Mit Pflanze des Jahres gegen das Bienensterben - Über 100 verschiedene Kräuter und Gewürze
"Bienenparty" hilft fleißigen Brummern

Die Aufregung über das Bienensterben ist groß. Neben Milben und Pilzen machen den Insekten veränderte Landschaften, weniger Blühpflanzen und der Einsatz mancher Pflanzenschutzmittel zu schaffen. "Wir wollen die Bürger sensibilisieren und zeigen, dass man etwas für die Bienen tun kann", betont Reinhard Steinhilber.Der Gärtnermeister ist mit seinem Betrieb Mitglied im Bayerischen Gärtnereiverband. Als Angehöriger einer Jury ist er jedes Jahr an der Kür der Pflanze des Jahres aller Mitgliedsbetriebe beteiligt. Die Wahl fiel heuer auf "Willis Bienenparty", eine Pflanze der Gattung Bidens, die landläufig auch als Goldmarie bekannt ist. Die einjährigen Korbblütler sind mit ihren vielen kleinen, orangen Blüten bei Bienen besonders beliebt. Etwa in den Balkonkasten gepflanzt, könne man mit "Willis Bienenparty" einen Beitrag zur Erhaltung der fleißigen Brummer leisten.

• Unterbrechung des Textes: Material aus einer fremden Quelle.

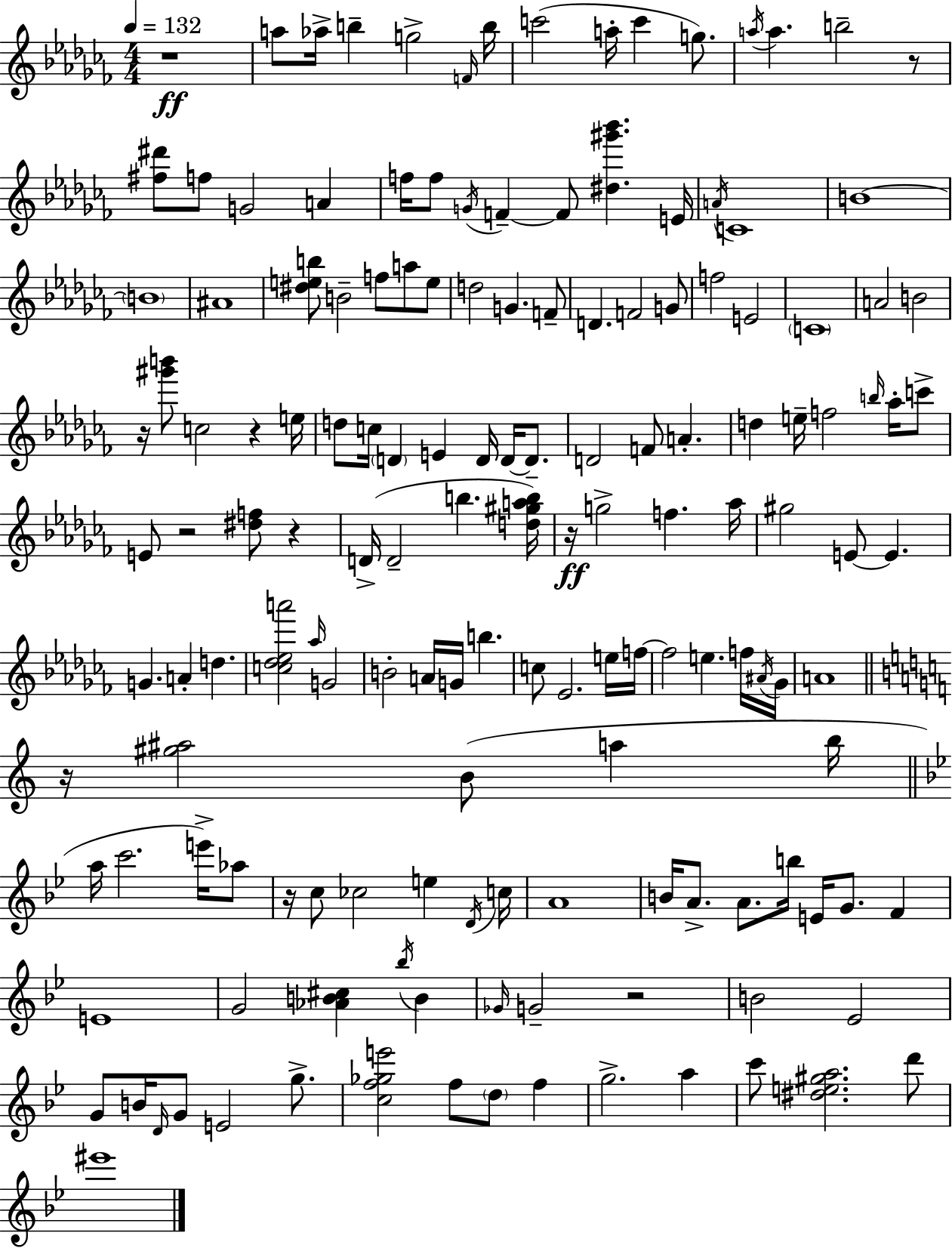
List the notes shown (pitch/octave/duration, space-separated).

R/w A5/e Ab5/s B5/q G5/h F4/s B5/s C6/h A5/s C6/q G5/e. A5/s A5/q. B5/h R/e [F#5,D#6]/e F5/e G4/h A4/q F5/s F5/e G4/s F4/q F4/e [D#5,G#6,Bb6]/q. E4/s A4/s C4/w B4/w B4/w A#4/w [D#5,E5,B5]/e B4/h F5/e A5/e E5/e D5/h G4/q. F4/e D4/q. F4/h G4/e F5/h E4/h C4/w A4/h B4/h R/s [G#6,B6]/e C5/h R/q E5/s D5/e C5/s D4/q E4/q D4/s D4/s D4/e. D4/h F4/e A4/q. D5/q E5/s F5/h B5/s Ab5/s C6/e E4/e R/h [D#5,F5]/e R/q D4/s D4/h B5/q. [D5,G#5,A5,B5]/s R/s G5/h F5/q. Ab5/s G#5/h E4/e E4/q. G4/q. A4/q D5/q. [C5,Db5,Eb5,A6]/h Ab5/s G4/h B4/h A4/s G4/s B5/q. C5/e Eb4/h. E5/s F5/s F5/h E5/q. F5/s A#4/s Gb4/s A4/w R/s [G#5,A#5]/h B4/e A5/q B5/s A5/s C6/h. E6/s Ab5/e R/s C5/e CES5/h E5/q D4/s C5/s A4/w B4/s A4/e. A4/e. B5/s E4/s G4/e. F4/q E4/w G4/h [Ab4,B4,C#5]/q Bb5/s B4/q Gb4/s G4/h R/h B4/h Eb4/h G4/e B4/s D4/s G4/e E4/h G5/e. [C5,F5,Gb5,E6]/h F5/e D5/e F5/q G5/h. A5/q C6/e [D#5,E5,G#5,A5]/h. D6/e EIS6/w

Neben Zierpflanzen spielen bei der Gärtnerei Steinhilber Gemüsearten und Kräuter eine zentrale Rolle. Über 100 verschiedene Kräuter und Gewürze aus eigener Produktion bietet der Fachbetrieb an. Das Besondere daran: Sie sind sofort zum Verzehr geeignet. Statt auf Spritzmittel zu setzen, kommen bei den Steinhilbers Nützlinge zum Einsatz.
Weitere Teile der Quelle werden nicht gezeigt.